|
|
Project 1: Concept Learning, Ordering
Exercise 2.4
-
Consider the instance space consisting of integer points in
the x, y plane and the set of hypotheses H consisting
of rectangles.
More precisely, hypotheses are of the form
a <= x <= b,
c <= y <= d,
where a, b, c, and d can be any integers.
-
Consider the version space with respect to the set of
positive ( + ) and negative ( - ) training examples shown below.
What is the S boundary of the version space in this case?
Write out the hypotheses and draw them in on the diagram.
Please see attached sheet for drawing.
S:
{< 4 <= x <= 6,
3 <= y <= 5 >}
|
This assumes that a rectangle is at minimum 1 x 1.
This is also assuming that generalization or specification
is the decreasing or increasing in value of a, b, c,
or d.
-
What is the G boundary of this version space?
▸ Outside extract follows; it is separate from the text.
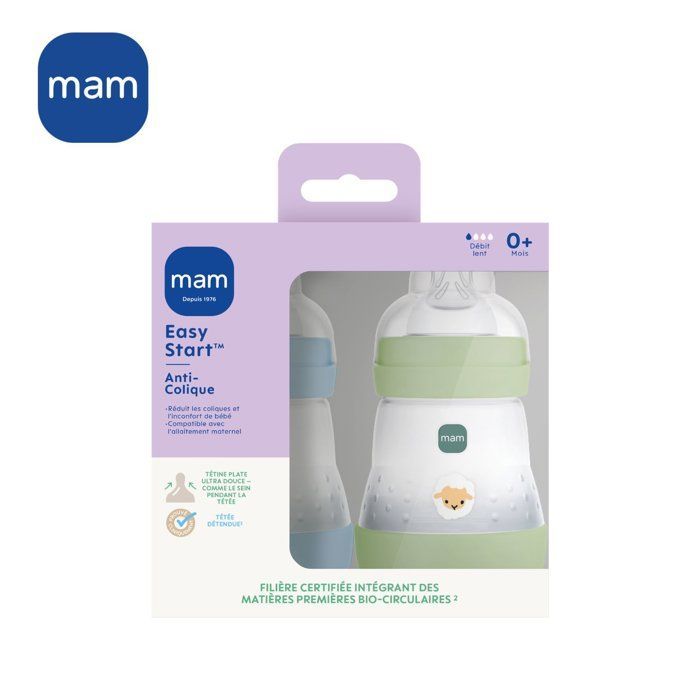 Conjunto de 2 Mamadeiras - MAM - Easy Start - Anticólica - 160 ml - Bico Tamanho 1 - Oceano + Areia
Write out
the hypotheses and draw them in.
Please see attached sheet for drawing.
G:
{< 3 <= x <= 8,
2 <= y <= 7 > }
|
My answer was missing
{ < 2 <= x <= 8,
2 <= y <= 5 > }
-
Suppose the learner may now suggest a new x, y instance
and ask
the trainer for its classification.
Suggest a query guaranteed to reduce the size of the version space,
regardless of how the trainer classifies it. Suggest one that
will not.
The learner could request ( 7, 4 ) for classification. Actually,
any point in ( 4 <= x <= 7, y = 6 ) or
( x = 7, 3 <= y <= 6 )
will work. This is because the points along thesey two lines are
between the version space bounds indentified by
S and G.
Since S and G should converge upon one
hypothesis, one must generalize or specialize, respectively.
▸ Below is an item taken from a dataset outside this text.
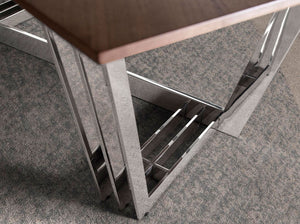 Tavolo da pranzo barile ovale noce e acciaio cromato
By selecting ( 5, 4 ), ( 4, 5 ), ( 5, 5 ), ( 6, 3 ) or ( 6, 4 )
reducing the space should be avoided.
Since these points are already included by S, there should
be no change in the space. This is a result of the bias imposed
by the hypothesis representation.
Note: This only works with my original answer in the previous
problem.
-
Now assume you are a teacher, attempting to teach a particular
target concept
(e.g., 3 <= x <= 5, 2 <= y <= 9 ).
What is the smallest number of training examples you can provide so
that the
Candidate-Elimination algorithm will perfectly
learn the target concept?
For the target concept to be learned exactly, G and S
must converge, hence negative and positive examples must be given.
One set of opposite points from the concept rectangle should be given
as positive examples to force S to include or generalize to
the rectangle concept
(e.g., ( 3, 9 ) and ( 5, 2 ) ).
The other set of opposite corners should be expanded horizontally
and vertically by 1 and be given as negative examples to restrict or
specialize G to exclude everything but the concept rectangle
(e.g., ( 3, 2 )->( 2, 1 ) and ( 5, 9 )->( 6, 10 ) ).
This all requires that 4 training examples be given.
|
|